» About this task: Find the "Bluey: Hooray It’s Halloween!" line in the records below and repeat it and every later line exactly, up to the last; do not include pictures.
-------- Source records
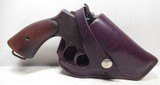 RARE SMITH & WESSON VICTORY MODEL REVOLVER with 2” BARREL from COLLECTING TEXAS – HARRIS COUNTY, TX SHERIFF SHIPPED in 1942 - 11 of 20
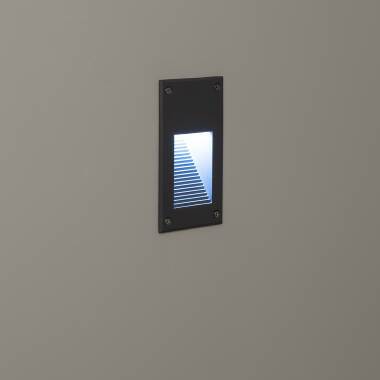 Imagen de Baliza Exterior LED 3W Empotrable Pared Olite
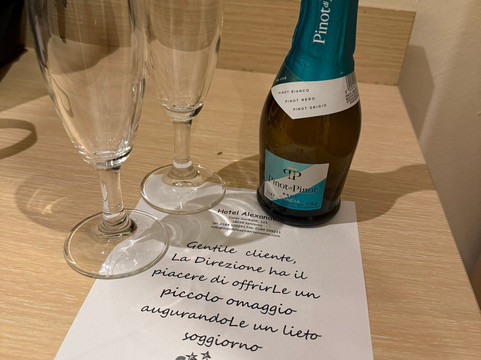 亚历山大酒店及水疗主图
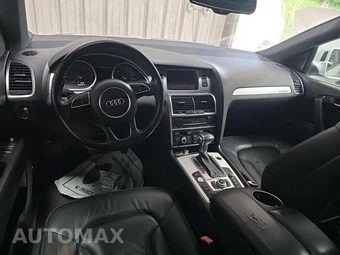 2015 Audi Q7 3.0T S line Prestige - miniatura 8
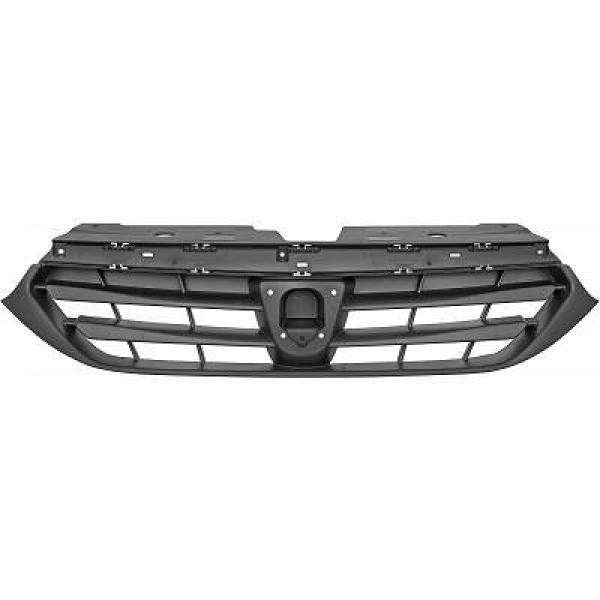 фото №1, Решітка радіатора бампера dacia lodgy 12-17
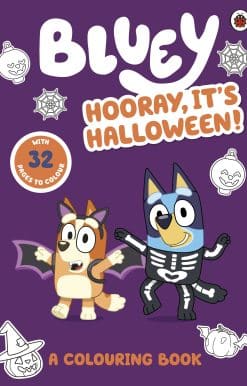 Bluey: Hooray It’s Halloween!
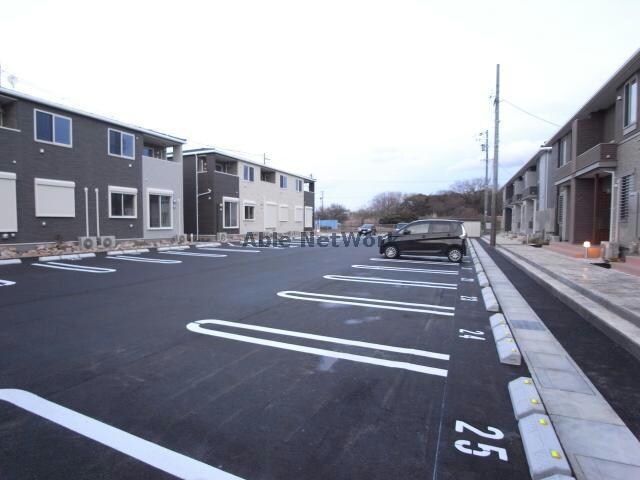 ポルズブロッコ　ヴェントット　Aの物件外観写真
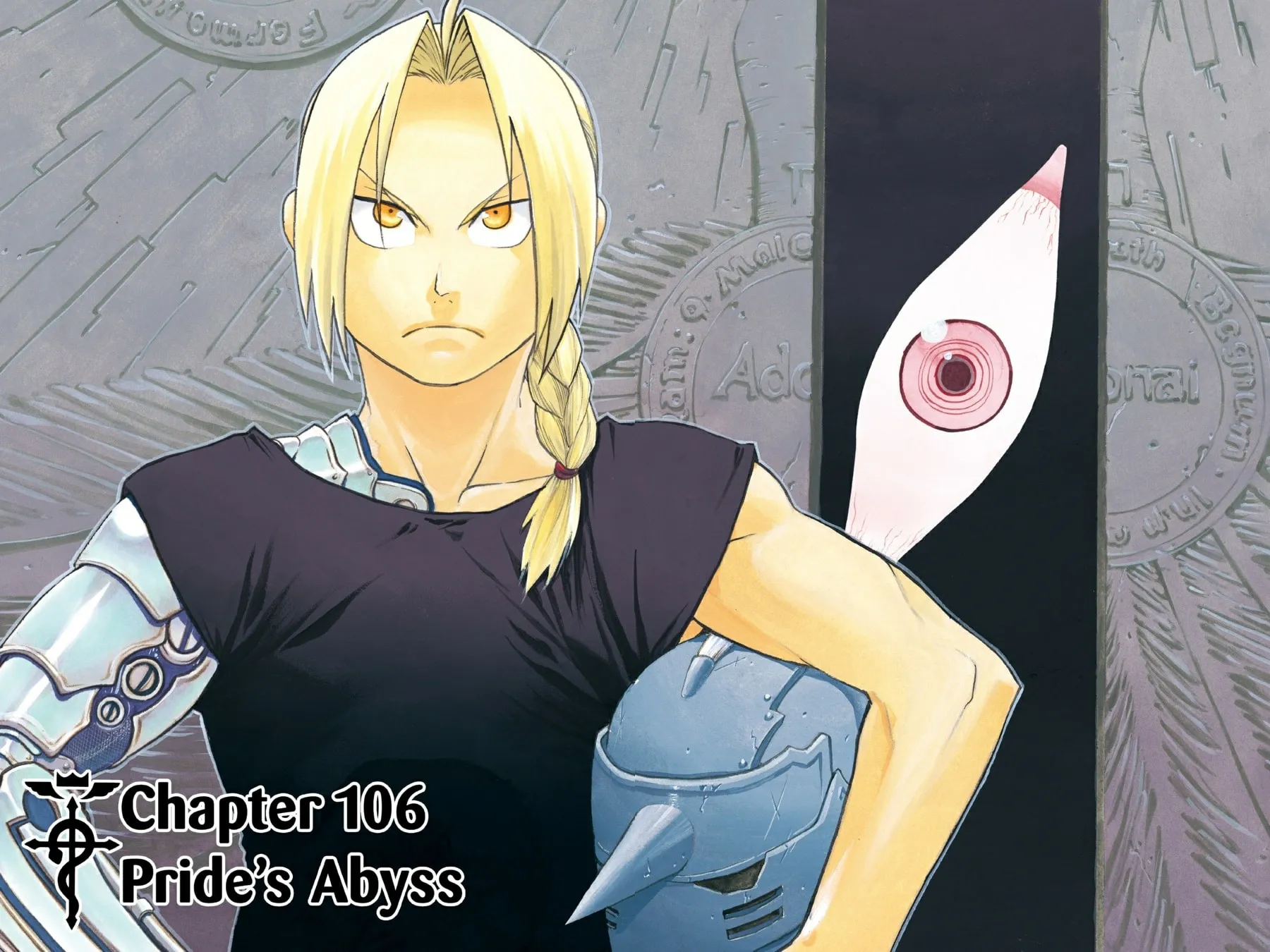 Fullmetal Alchemist Chapter 106 page 2 - 
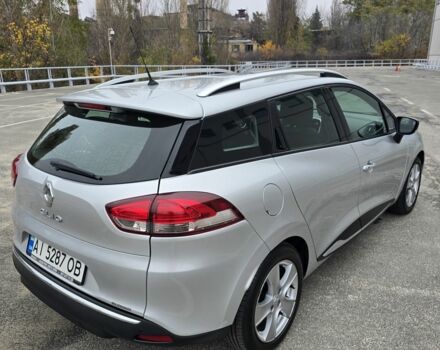 Серый Рено Клио, объемом двигателя 1.2 л и пробегом 104 тыс. км за 9100 $, фото 1 на Automoto.ua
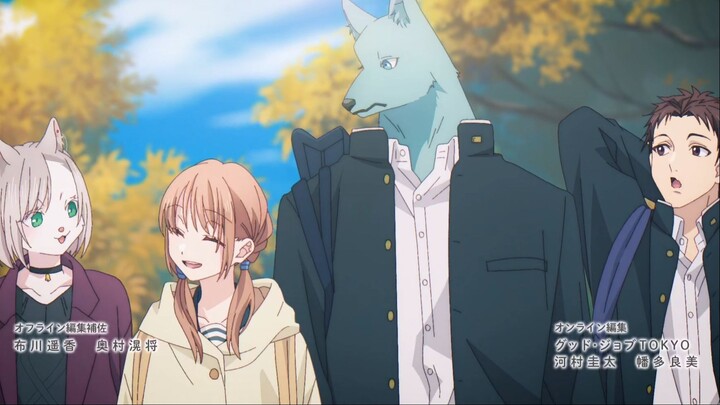 Eps_12 furry kayak uma musume tapi lebih real sama cwk [With You, Our Love Will Make It Through] END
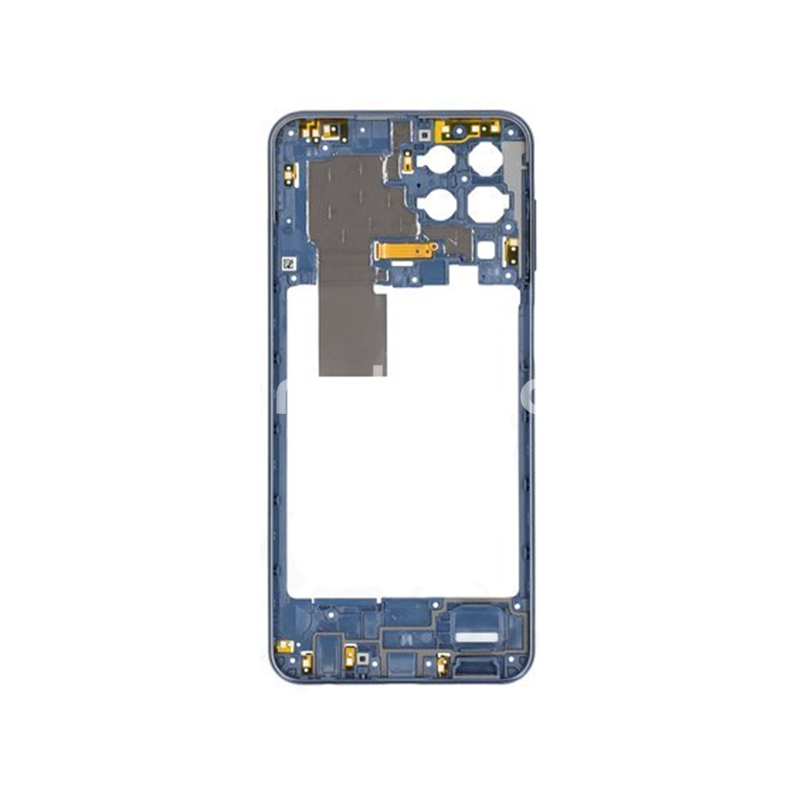 Middle Frame Blue Samsung SM-M336 M33 5G Ori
----------------
» Result of this exercise:
 Bluey: Hooray It’s Halloween!
 ポルズブロッコ　ヴェントット　Aの物件外観写真
 Fullmetal Alchemist Chapter 106 page 2 - 
 Серый Рено Клио, объемом двигателя 1.2 л и пробегом 104 тыс. км за 9100 $, фото 1 на Automoto.ua
 Eps_12 furry kayak uma musume tapi lebih real sama cwk [With You, Our Love Will Make It Through] END
 Middle Frame Blue Samsung SM-M336 M33 5G Ori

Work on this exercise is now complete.